WORK ITEM
Your copy of the data below must be exact and must leave out all pictures.

*** INFORMATION SHOWN Section Begins ***

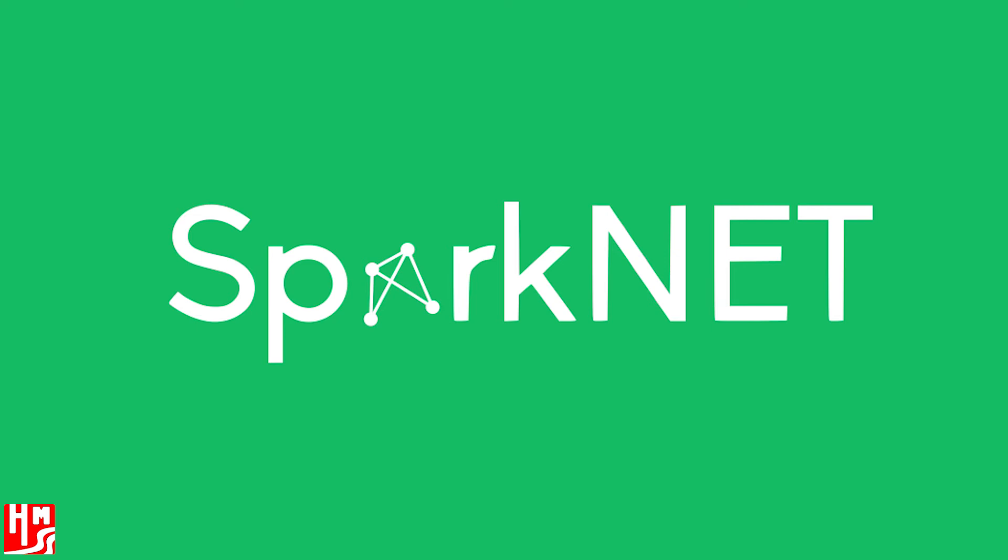HM Solutions aims to secure a place in the growing global data market by providing effective solutions to companies around the world. SparkNet. Smarter data for a smarter world.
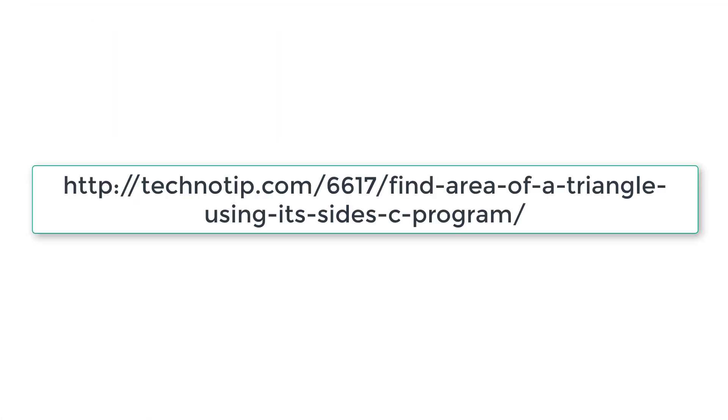So please visit the link present in the description section of this YouTube video for source code, notes and discussion. And in our next video tutorial we will see how to validate or invalidate the triangle based on the input of the user. That is, the user inputs three sides of the triangle and we can programmatically check if the triangle is valid or not.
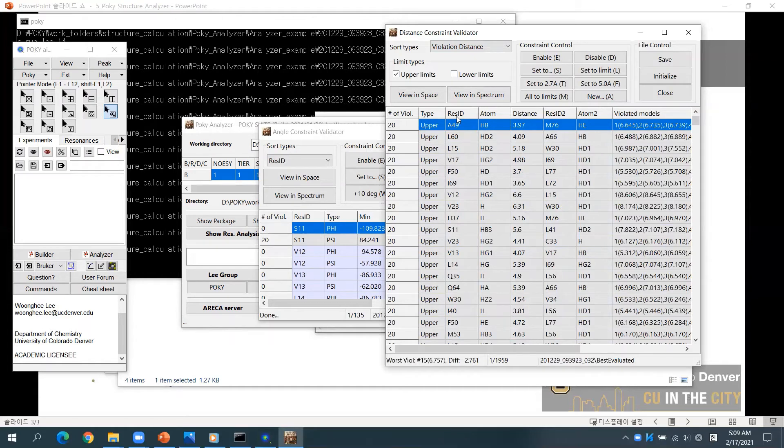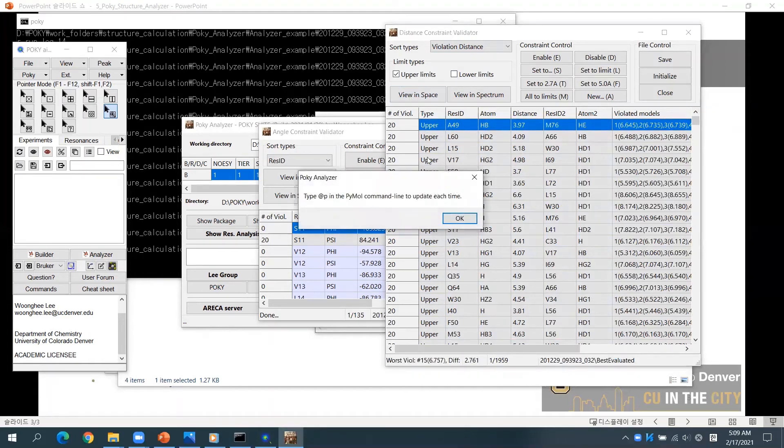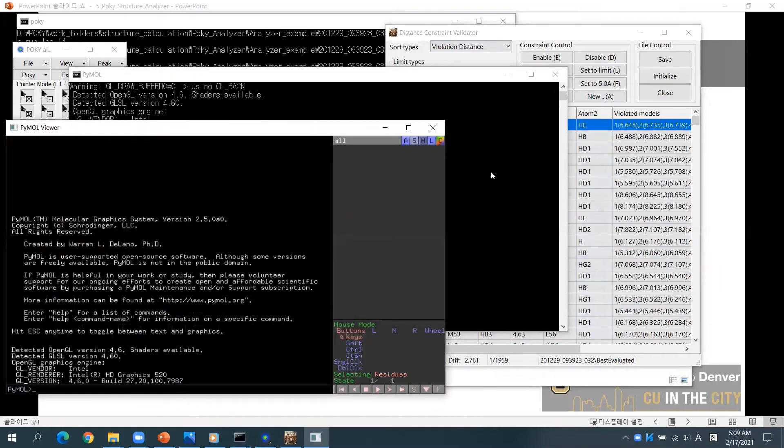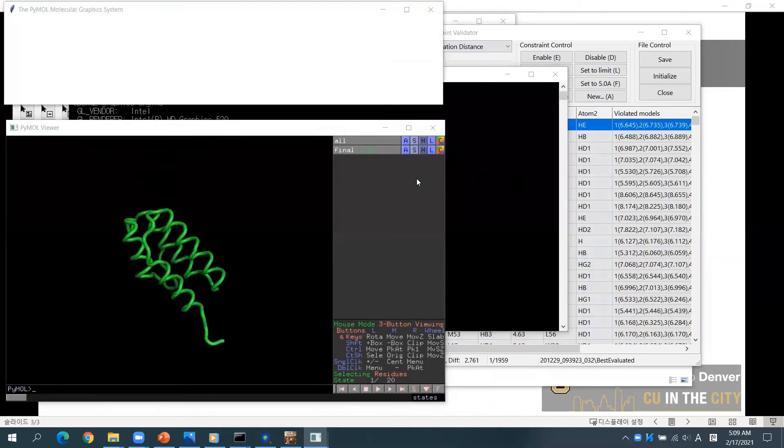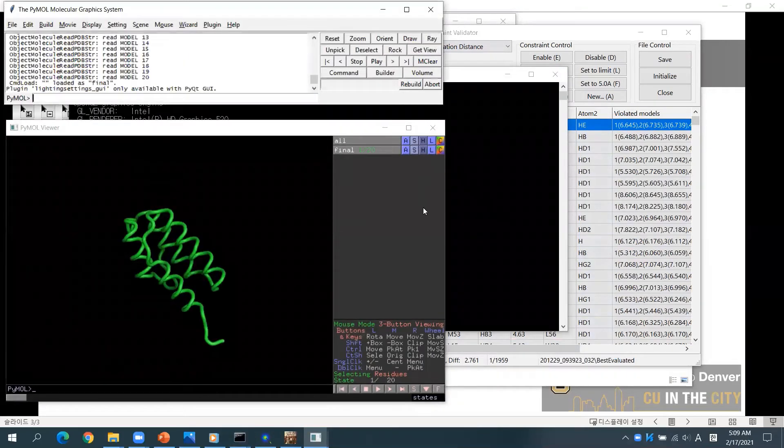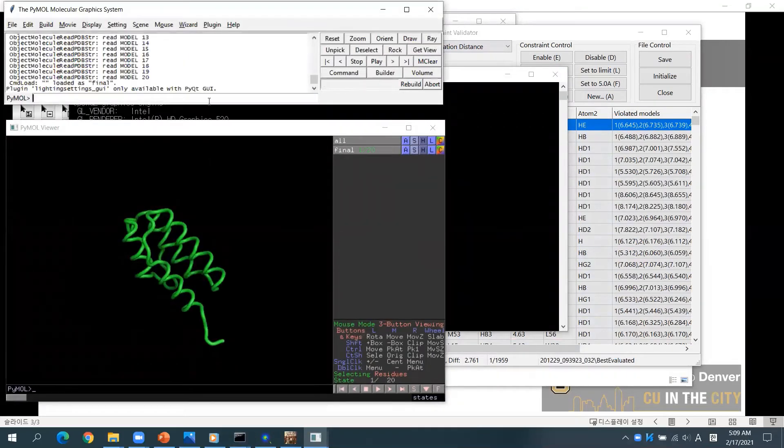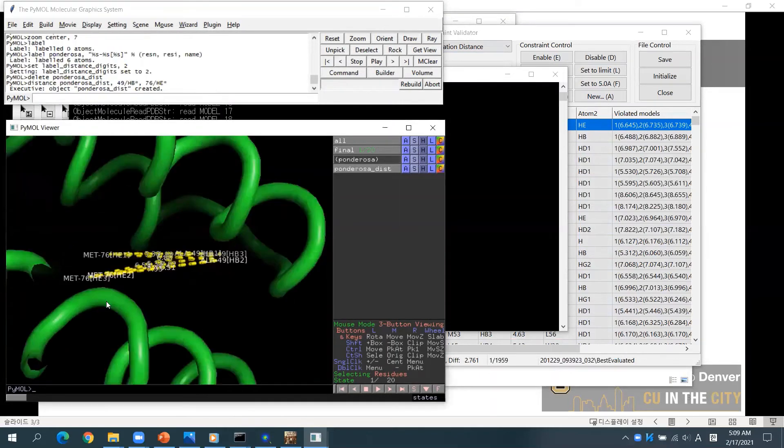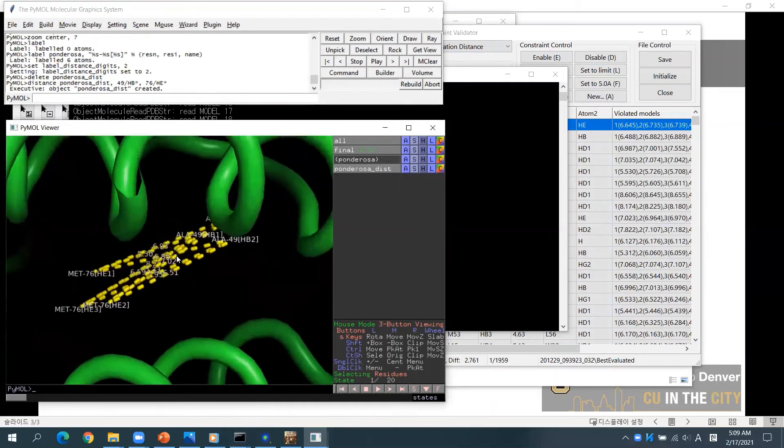Select one of the constraints and click Viewing Space. Type the command, then you will see the distances related to the selected constraint.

*** INFORMATION SHOWN Section Ends ***

WRITTEN RESPONSE
HM Solutions aims to secure a place in the growing global data market by providing effective solutions to companies around the world. SparkNet. Smarter data for a smarter world.
So please visit the link present in the description section of this YouTube video for source code, notes and discussion. And in our next video tutorial we will see how to validate or invalidate the triangle based on the input of the user. That is, the user inputs three sides of the triangle and we can programmatically check if the triangle is valid or not.
Select one of the constraints and click Viewing Space. Type the command, then you will see the distances related to the selected constraint.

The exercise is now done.